One of the peculiarities about this issue is that there are very few scenarios that could cause a segmentation fault in VAST. But when it does occur, it normally dumps a vmtrap.log
which provides you a lot of useful information for debugging. Unfortunately, in this case, the log was not being produced. In addition, when getting this segmentation fault, it seemed that VAST was doing a regular successful exit (quitting the image, and shutting down the VM).
That made us think that the problem could be related to the “exit code” in the Virtual Machine. The next step was to write a bash script that would do a lot of image starts & exits so we could observe the exit codes:
#!/bin/bash
# "Settings"
vaRoot="/usr/local/VASmalltalk/10.0.0x64"
vaVMPath="$vaRoot/bin/es"
workingDirectoryPath="$PWD"
log="$workingDirectoryPath/ctest.log"
# copied them from environments directory.
# The icx needs to have SUnitOneClick map loaded
imagePath="$workingDirectoryPath/abt.icx"
iniPath="$workingDirectoryPath/abt.ini"
cnfPath="$vaRoot/abt.cnf"
# The -no_break is strictly necessary because else it looks like
# the VM randomly freezes and we get defunct processes ..
# so the only workaround for now is to disable the break process.
vaVMArguments=" -no_break -mcd -msd -i$imagePath -ini:$iniPath"
# This testcases.txt file can be autogenerated with the Smalltalk code:
# CtestSunitRunner basicNew createTestCaseList
testCaseFile="$workingDirectoryPath/testcases.txt"
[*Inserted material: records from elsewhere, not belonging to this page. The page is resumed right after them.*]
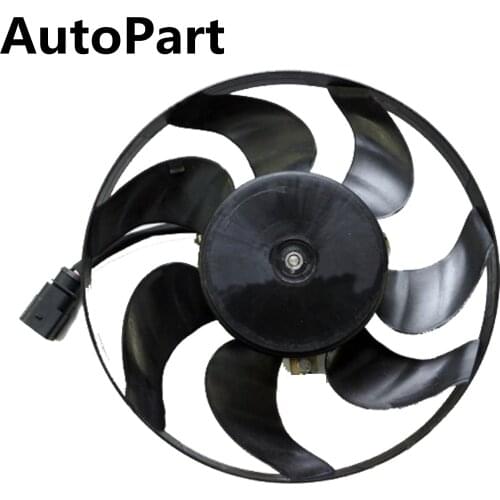3C0 959 455 G 1K0959455DH 100 236 0050 Radiator Cooling Fan Assembly For VW Rabbit Jetta Golf GTI Passat B6 Rated Power 200W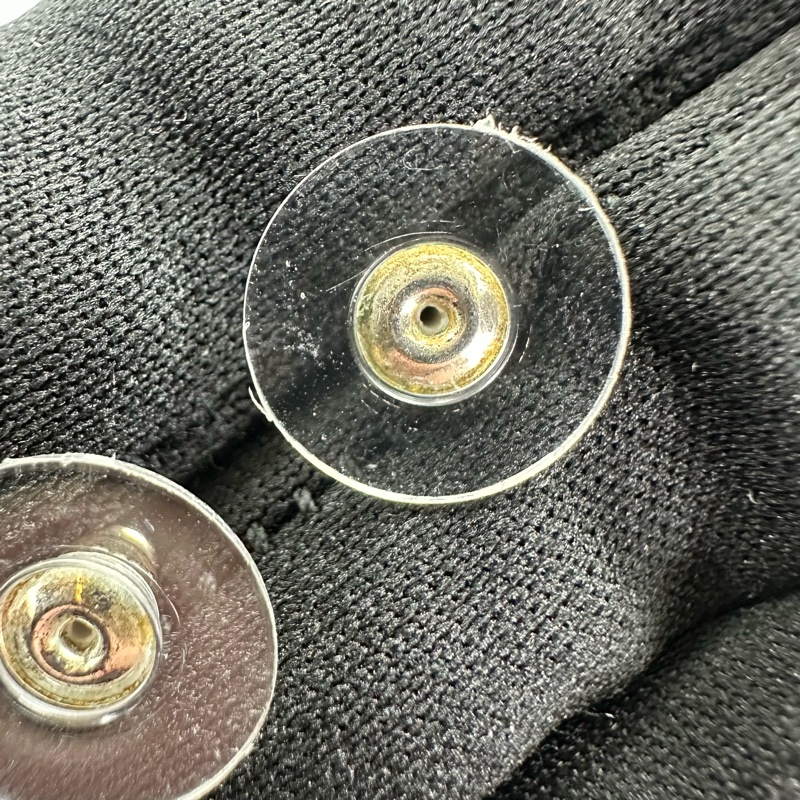 CHANEL 19 CC黑銀水鑽造型耳環 全套有盒-12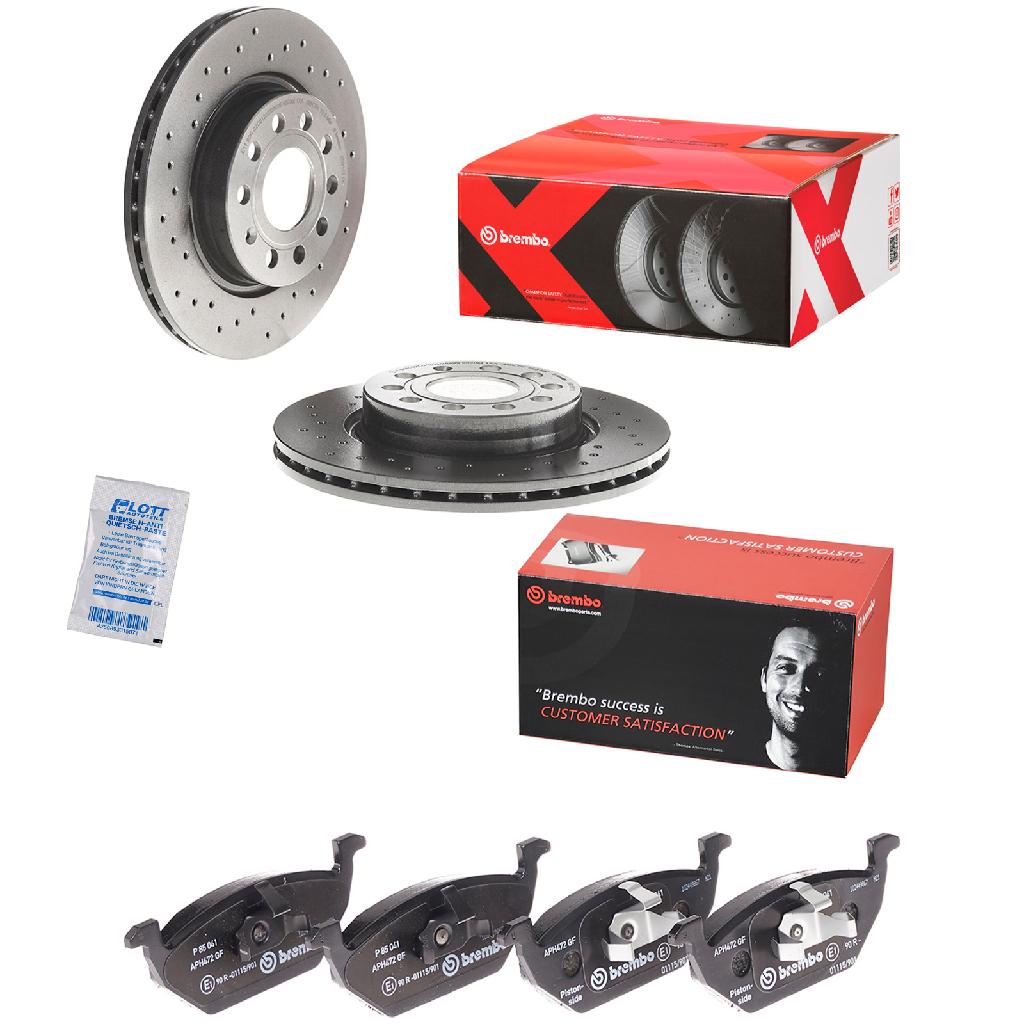 BREMBO Bremsbelagsatz, Scheibenbremse P 85 041 + Bremsscheibe 09.9167.1X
echo "Testcase file: $testCaseFile"
# Doing a cd is important here because else the ICs won't be found in the
# defined IC_ROOT in the .ini
cd $vaRoot
# If we don't specify this LANG or any other compatible one
# we would get quite some test failures
export LANG=en_US.iso88591
# Necessary, else the esvm40.so for example is not found
export LD_LIBRARY_PATH="$vaRoot/bin"
# Just to always start with a fresh log
[-e "$log"] && rm "$log"
echo " ======== Starting process ======="
set -e
while IFS='' read -r line || [[-n "$line"]]; do
# Print some status on the console...the rest..directly into the log.
echo "Line: $line"
# Below two lines create forces a new abt.cnf files and appends
# the necessary code to run the test with Ctest
echo "PostStartUp ! " > $cnfPath
# This line just extracts the class name from the line and appends the
# code to abt.cnf
echo "SunitRunner run: #`echo "$line" | cut -d '#' -f2- | cut -d '-' -f1` !" >> $cnfPath
# Start VA VM with all the necessary arguments and redirect stdout/stderr
# to the specified log file
$vaVMPath $vaVMArguments < /dev/null >> "$log" 2>&1
echo "Line finished"
done < "$testCaseFile"
echo " ======== Process finished ======="
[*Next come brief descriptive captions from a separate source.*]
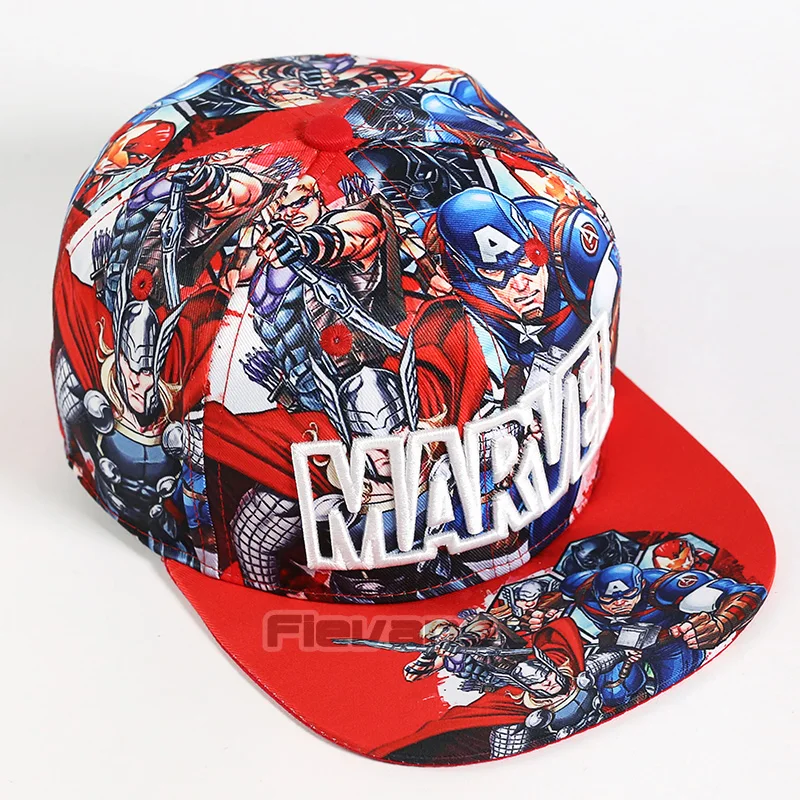 Marvel Мстители эндигра печать бейсболка шапка-бейсболка Bboy шапки хип-хоп для мужчин мальчиков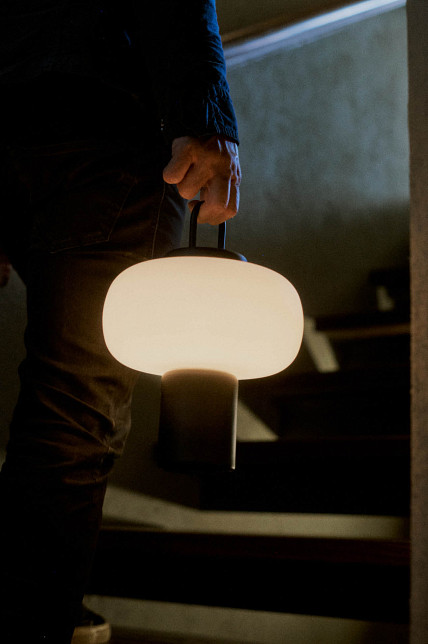 Лампа настольная Nox, черное основание, Astep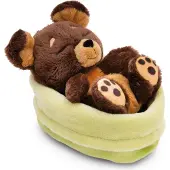 Nici Hond Slaapt In Mand Teddy 12 Cm Bruin Kinderen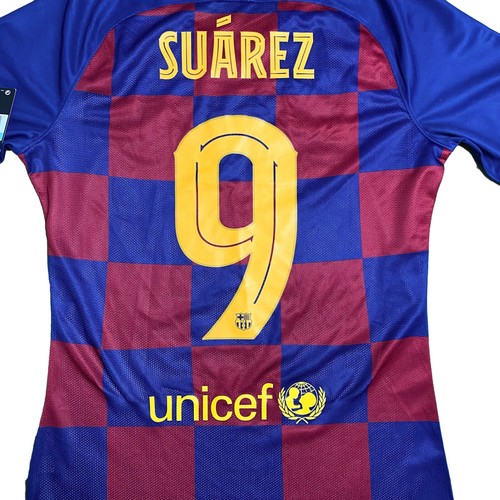 Suarez #9 Barcelona Mens 2019/20 Home Football Shirt Nike BNWT FCB MEDIUM - Picture 2 of 4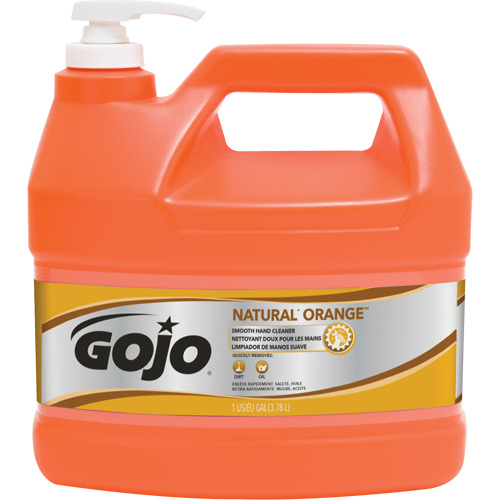 Natural Orange Hand Cleaner, Cream, 3.78 L, Jug, Citrus/Orange Maritime Industrial Rubber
echo `cat "$log" | grep "CTestFailure"`
I don’t want to get into the gory details as that’s not the focus of this post, but basically, the script does the following:
- Reads the file
testcases.txt
which has allTestCase
subclasses (one test class name per line) of the whole test suite. - For each test class, it auto-generates a file called
abt.cnf
that is automatically read by VAST at startup, and that file includes the code to run that test (SunitRunner run: #MyTestCaseSubclassExample
) . - For each test class, it launches VAST. At startup, it runs the test. When done, it will print the test results and exit.
- It will keep repeating steps 2 and 3 until the end of
testcases.txt
Finally, when running this bash script, we were able to sporadically reproduce that segmentation fault. (Sometimes we needed to run this script a few times to get to the crash.)
Trying to run with GDB
Ok…we were able to somehow, every once in a while, reproduce the crash with the “release” VM. The next step was to compile the VAST VM in “debug” mode and cross our fingers that we’d be able to still reproduce the bug. (Sometimes life isn’t easy and bugs don’t show up with the debug flavor).
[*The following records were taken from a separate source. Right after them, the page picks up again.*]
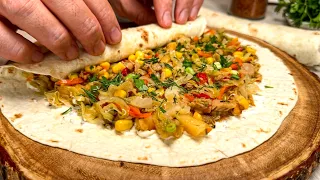 Stop buying fast food! Make these Crispy Tortilla Rolls at home! Without meat # 375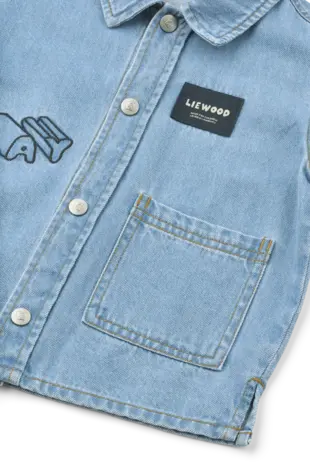 Liewood Shirt Greg Play Denim Liewood Shirt Greg Play Denim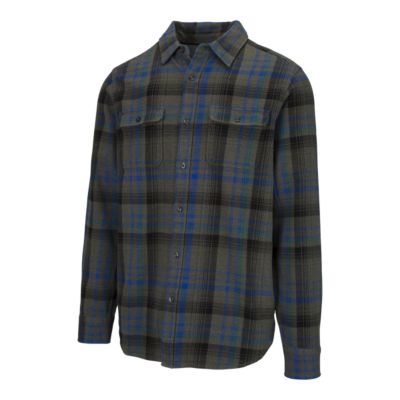 the north face men's long sleeve arroyo flannel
I normally compile and run the VAST VM under GDB with a command like this:
export VM_COMPILED_BIN=/home/mpeck/Instantiations/git/vm-devel/devel/build/bin; \
export VA_ROOT=/usr/local/VASmalltalk/10.0.0x64; \
cd $VA_ROOT ; \
export LANG=en_US.iso88591 ; \
export LD_LIBRARY_PATH=$VM_COMPILED_BIN:$VA_ROOT/bin; \
gdb -ex run --args \
$VM_COMPILED_BIN/es -no_break -ini:/home/mpeck/Instantiations/SUnitOneClick/abt.ini -i/home/mpeck/Instantiations/SUnitOneClick/abt.icx |& tee gdb.log
Therefore, I altered above bash script and tried to replace the line:
$vaVMPath $vaVMArguments < /dev/null >> "$log" 2>&1
with something like:
gdb -ex run --args $vaVMPath $vaVMArguments >> "$log" 2>&1
Now, after running that new version of the bash script we received both good and bad news. The good news was that the bug still shows up with the debug VM. The bad news was that gdb
ends the session if it’s run in a bash script. Therefore, I wasn’t able to get into the GDB console once the segmentation fault was being triggered.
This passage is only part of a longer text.